── TASK INPUT

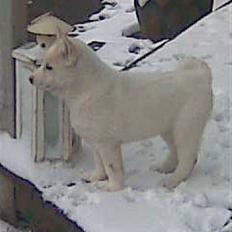 Blanding af racer Lajka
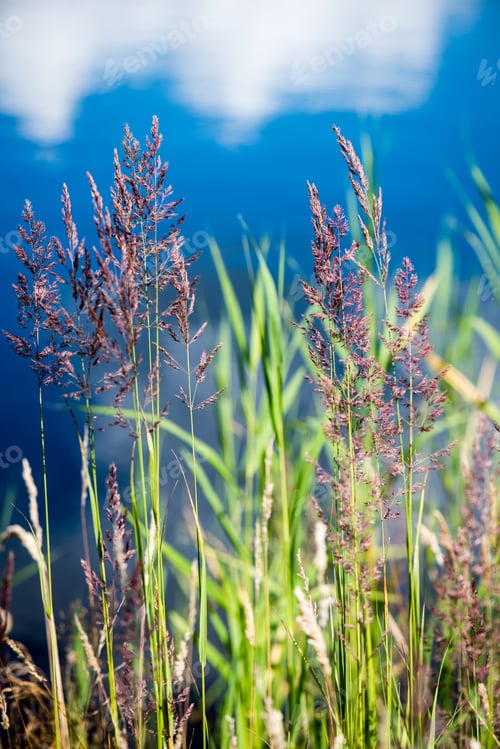 Preview: Beautiful Grass Bents On The Background Of Blue Water In Summer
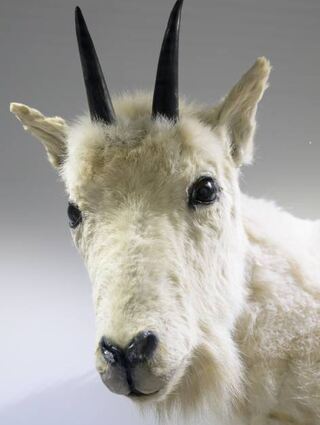 Die Bergziege ist ausgestopft und wirkt fast lebendig.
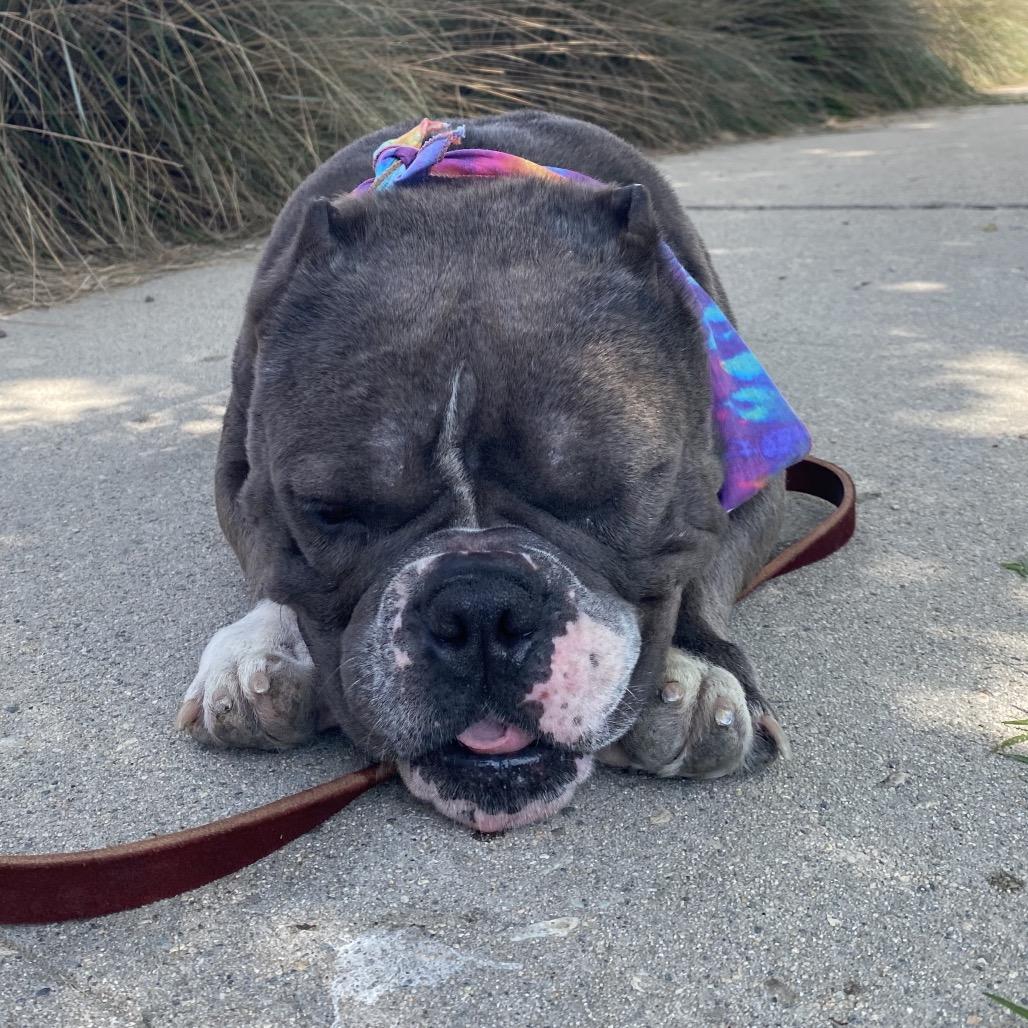 Frogger, a Adoptable Pit Bull Terrier in Los Angeles, CA image 6/6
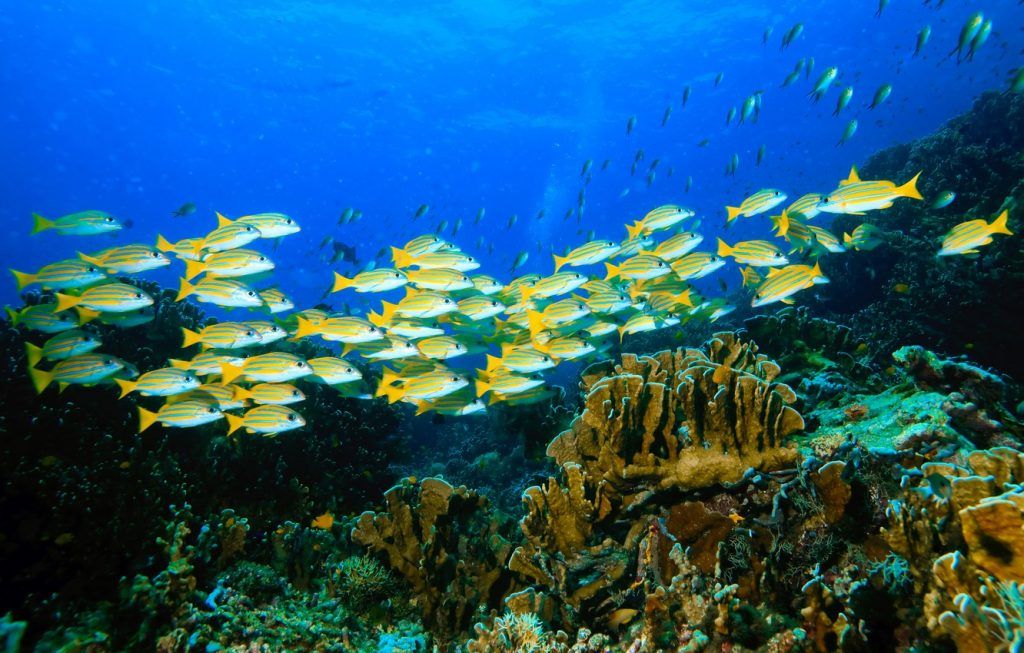 Savanții australieni: Ecosistemele marine nu vor supraviețui încălzirii globale.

────

◆ **TASK ITEM**: The data above must be written out again without alteration, and the pictures in them must be excluded.

◆ **SOLUTION**:
 Blanding af racer Lajka
 Preview: Beautiful Grass Bents On The Background Of Blue Water In Summer
 Die Bergziege ist ausgestopft und wirkt fast lebendig.
 Frogger, a Adoptable Pit Bull Terrier in Los Angeles, CA image 6/6
 Savanții australieni: Ecosistemele marine nu vor supraviețui încălzirii globale.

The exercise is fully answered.